I took a break from my owl nests to spend time with other nesting birds. It quickly became a woodpecker theme.
As I sit now on a high mountain slope in the foothills of the Beartooths, hairy woodpedckers are feeding in front of me. Down slope and to the west, a flicker entered a low cavity. Farther west a red-napped sapsucker fed chicks. 50 feet from them a mountain bluebird visited a hole in a dead aspen. Just above me three towed woodpeckers and a downy woodpecker pair nested. I also located chickadees, tree swallows and fly catchers. Not to mention juncos and chipping sparrows.

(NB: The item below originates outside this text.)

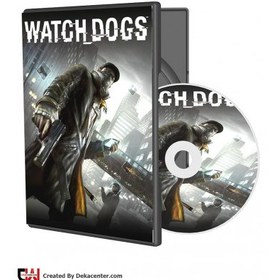 تصویر بازی کامپیوتر Watch Dogs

Since the hairys and red-naped were close to fledging, I worked these first. There are different ways to approach photographing such nests. One can place a wide lens a couple of feet away and fire with a remote, use a larger lens and set up some 30 feet away and use a remote or set up farther away and use an even bigger lens. I chose the middle option, using my 300 and sitting some 25 yards away under a shade tree triggering my camera with a remote. This allows the birds to come freely, especially after I set a branch against my camera for camouflage.

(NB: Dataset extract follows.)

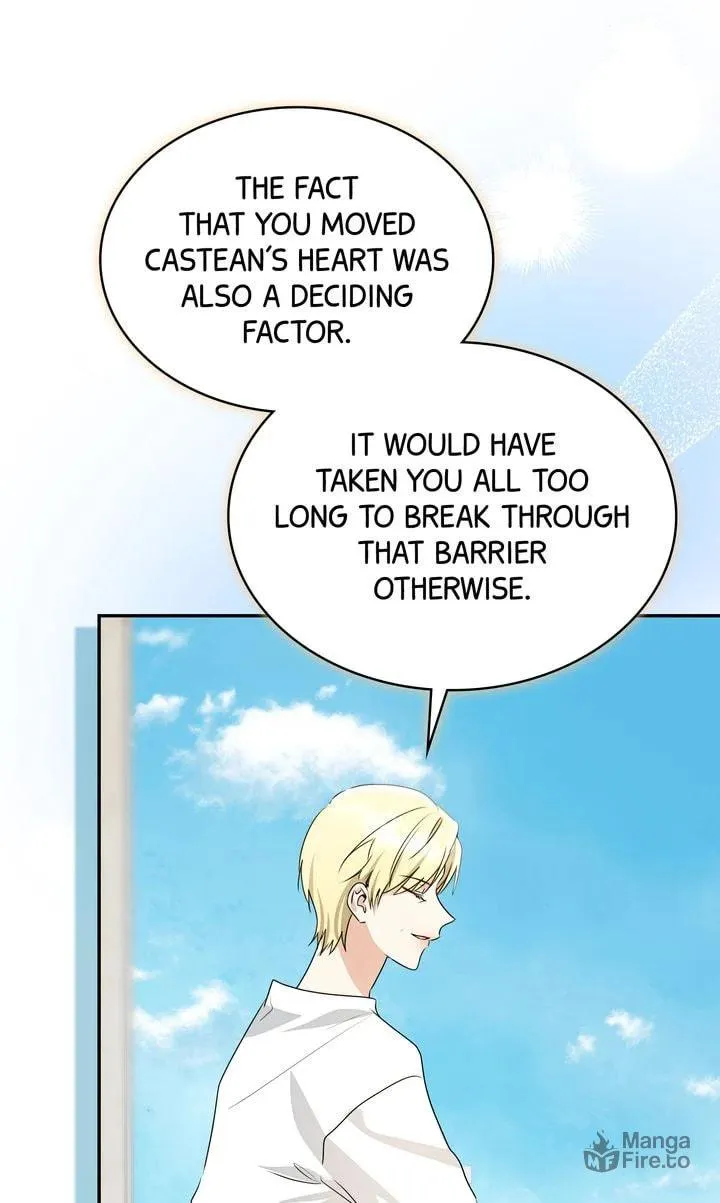 Read My Little Tyrant chapter 89 image 114 on Lezhin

I noticed at most nests, it was the male who entered the cavities to clean out the waste and debris. However, the females appeared to make the most visits with food.
Also, it was curious that a downy woodpecker would nest so close to his larger cousin, the hairy woodpecker. I've only located one other downy nest in the Beartooths and once again a hairy nest was nearby.

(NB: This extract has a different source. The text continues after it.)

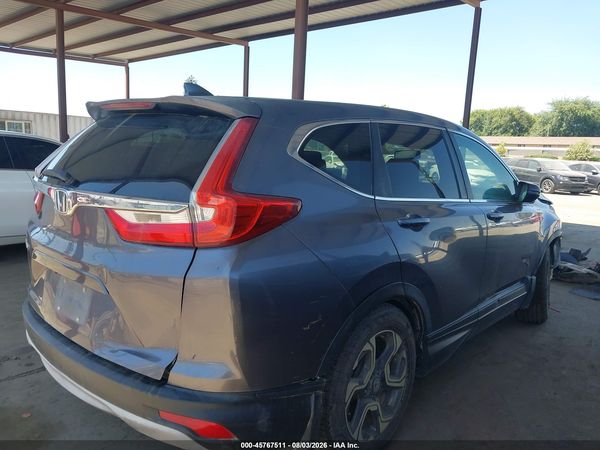 2018 HONDA CR-V EX-L/EX-L NAVI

Another trend continued. As my great gray nest was just over the hill, once again a three toed woodpecker occurred in his territory. I find these woodpeckers and great grays seem to require the exact same habitat.
Also notice the dark spot four inches below the cavity. That indicated a nest is active even before you see the birds. (It's dirt from the tail feathers.)
There's other life about too. Sand-hill cranes trumpet from the flats. Red squirrels scurry by carrying bedding. Bear scat is everywhere. Blue grouse parade by with their tiny chicks. Golden rod spiders cling to the abundant flowers.
And now with the warmer temperatures, mosquitoes are swarming.
There goes a female williamson sapsucker. I'll have to go try to find that nest!